▶ [Collected data]:
- Opening Delimiter -
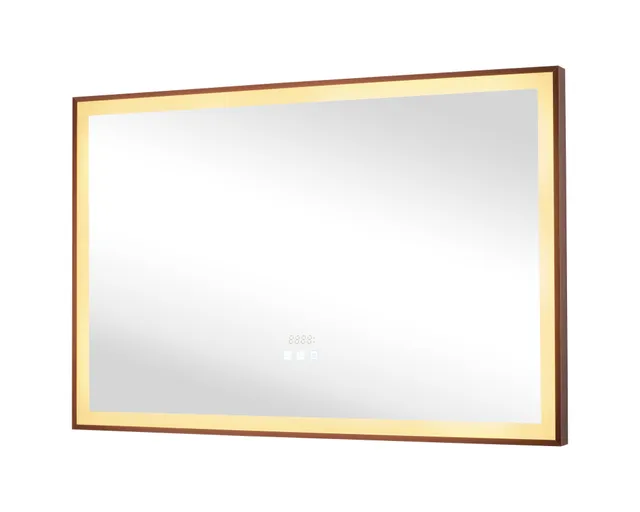 Illuminated bathroom mirror with integrated LED, model KLN-960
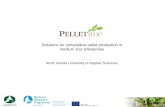 Solutions for competitive pellet production in medium size enterprises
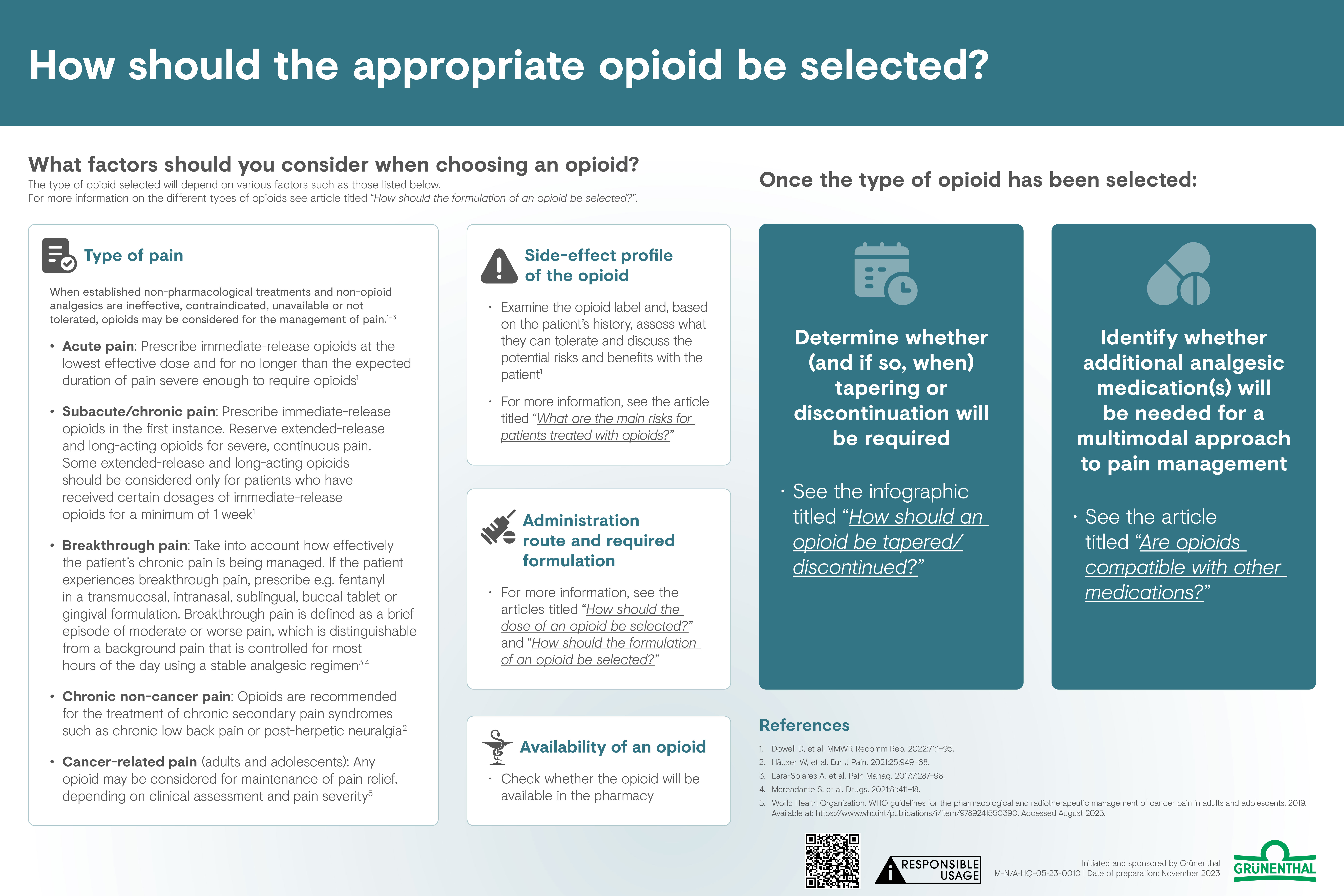 How should the appropriate opioid be selected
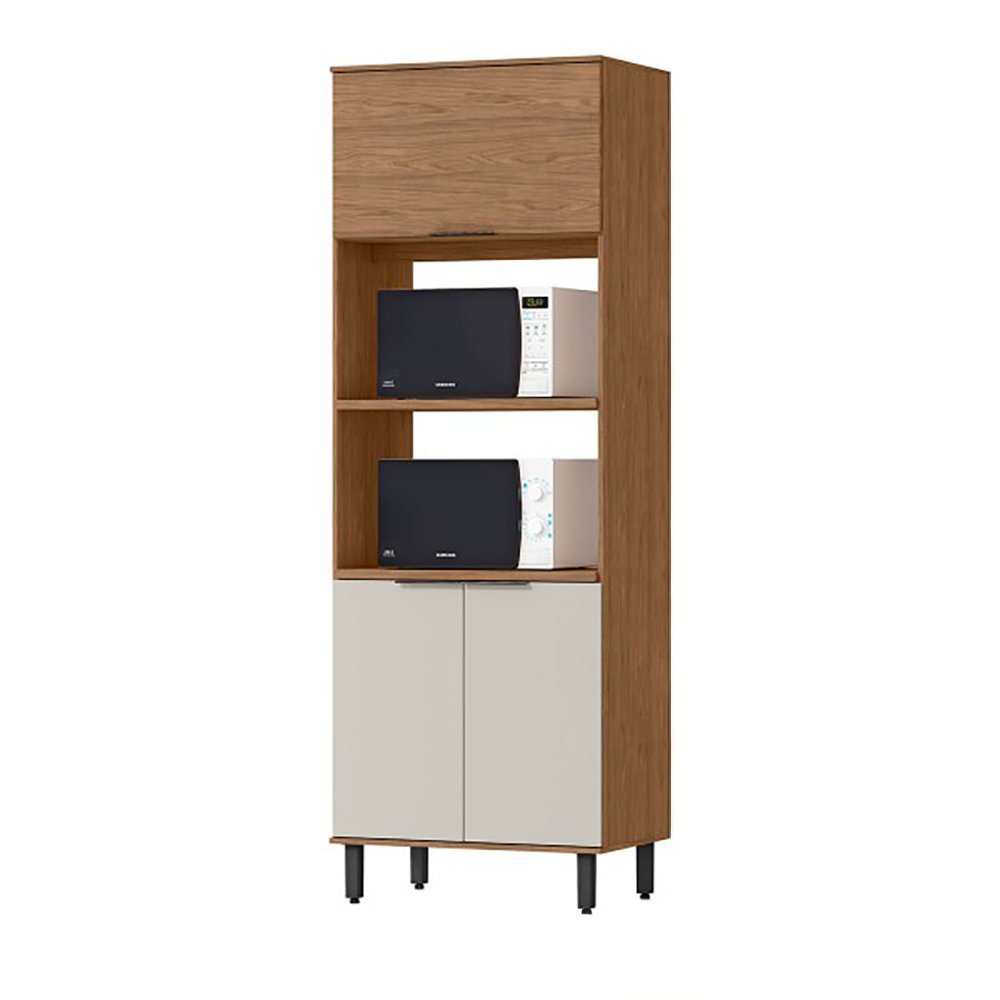 Gabinete Torre Toscana para 2 Hornos 80 x 51.6 x 230 cm Color Café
- Closing Delimiter -
▶ [What you should do]: Starting with the line that holds "How should the", retype each line through the last one in the listing above, exactly as written. Do not copy any pictures.

▶ [Task solution]:
 How should the appropriate opioid be selected
 Gabinete Torre Toscana para 2 Hornos 80 x 51.6 x 230 cm Color Café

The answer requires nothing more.